Again, to make a throw back to my own local history:
With the advent of Interstates and more affordable cars, serial killers in the US increased dramatically in the 1950s, 60s and 70s, because killers could travel between different municipalities and commit multiple murders, knowing that the different counties and cities were likely not sharing information. Some of them were brazen and didn't even try to hide what they were doing, because they could be on an interstate and in another jurisidiction in 10 minutes. So in the 50s, 60s and 70s there was also a rash of "runaways" and we got the whole "kids running off to join cults" thing, when in reality, this was young people hitch hiking, getting picked up and raped and murdered, and their bodies never found. They were often not confirmed dead until a killer spills his guts on his death bed, and by that time the runaways parents were dead or senile, going to the grave thinking their kid ran off.
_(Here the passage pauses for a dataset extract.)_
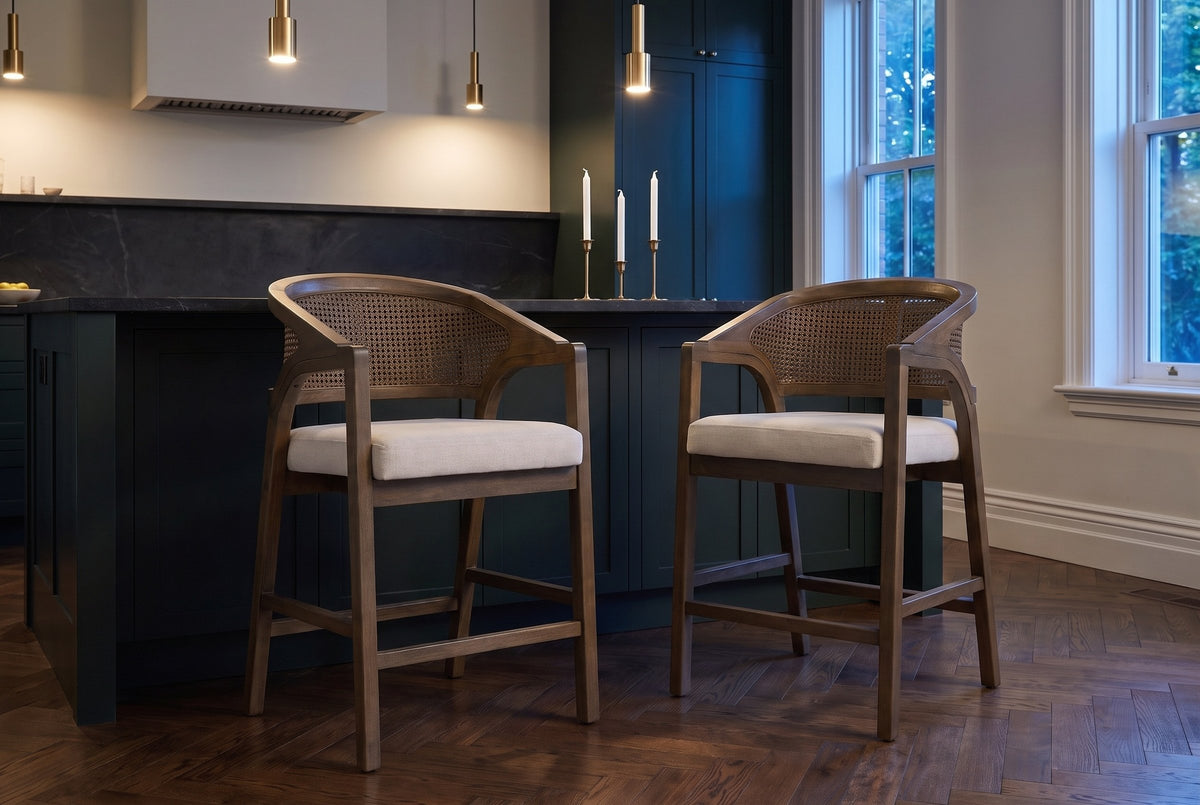 Two Sermoneta counter stools in Walnut pulled out from a stone-topped island in a dark green Toronto kitchen at dusk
The above situation was not helped by the lack of national/state identification for citizens and newborns. Social Security numbers were not mandatory until the 80s as I recall. I didnt have one until I was 14. Hell, we still hear from time to time about someone who has had their kid locked in a basement for a decade and nobody ever knew there was a kid

I think it is safe to assume that in the middle ages there were a hell of a lot more murders than accounter for, and there probably a lot of suicides/accidents that were considered murders.